Charles, Rafa et nous

En cet automne 2022, trois rois ont pleuré à la face du monde. Charles III, à l’aube de son règne, a laissé son regard se brouiller lorsque le Parlement britannique a entonné God Save the King. Roger Federer et Rafael Nadal, titans du tennis à leur crépuscule, ont offert l’une des plus saisissantes images de l’histoire du sport. À l’heure des adieux publics du champion suisse, les deux rivaux sont apparus main dans la main, les yeux perdus dans le vague, le visage baigné de larmes.

Que signifient ces larmes publiques ? « D’une certaine manière, une partie de ma vie a également disparu », a précisé R. Nadal, touché au cœur par la retraite sportive d’un adversaire qui a façonné en miroir sa carrière. « J’ai ressenti le poids de l’histoire », a affirmé Charles III. La philosophie nous incite cependant à la prudence. Aucune justification n’épuise la vérité d’un sanglot. « Pleurer, écrivait le philosophe Jean-Louis Chrétien, c’est toujours dire l’indicible. » L’émotion est trouble.
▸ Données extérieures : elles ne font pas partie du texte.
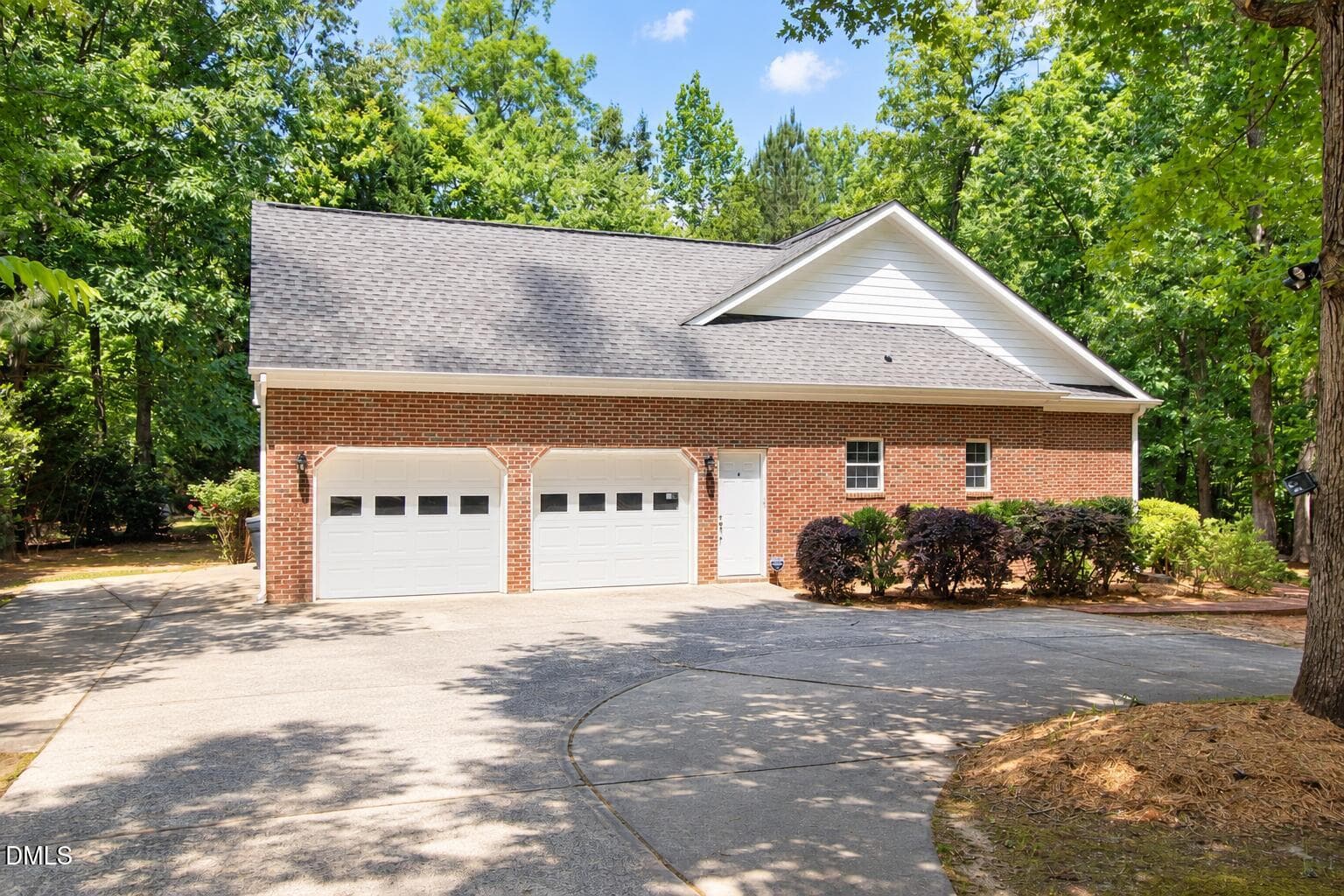 Side view - 1102 Falling Stream, Sanford, NC 27332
Elle n’est pas la passion – subie par le corps –, ni le sentiment – déjà structuré par la raison. Derrière les larmes de Charles, Roger et Rafa, il y a certes la perception d’une rupture biographique et historique, mais aussi un tumulte de vents contraires : le ravissement et la mélancolie, l’altruisme et l’introspection, le sentiment océanique de la grandeur et celui de l’irréversible, le deuil et la consolation.

Ces larmes nous révèlent autre chose : sans tambour ni trompette, nous avons changé collectivement de régime affectif. Hier encore, les grands hommes ne pleuraient pas, sinon par calcul. La rationalité et l’autocontrôle étaient érigés en vertus cardinales, au nom d’une norme d’impassibilité issue de la société de cour. Cette civilisation de la maîtrise s’est fissurée. Désormais, les larmes des héros irriguent leur gloire. L’hypersensibilité se conjugue au masculin. Les politiques expriment leurs affects, parfois bruyamment. Les sciences humaines sont au diapason : tout un champ de recherche s’est structuré, après les travaux pionniers de Ronald de Sousa et Antonio Damasio, pour revaloriser le rôle des émotions, indispensables pour penser et agir.

Juste retour des choses ? Dans l’Antiquité, les héros pleuraient. Achille, le combattant de l’Iliade, avait du « cœur » : il tirait sa vaillance de ses larmes autant que de ses armes. En nous faisant don de leur émotion, nos trois rois mettent à nu la part la plus puissante de notre humanité : notre capacité commune à être touchés par la vie. Nous ne sommes pas seuls à vibrer et vaciller, mais huit milliards d’humains, par-delà les modulations de l’histoire et de la culture, unis par la sensibilité.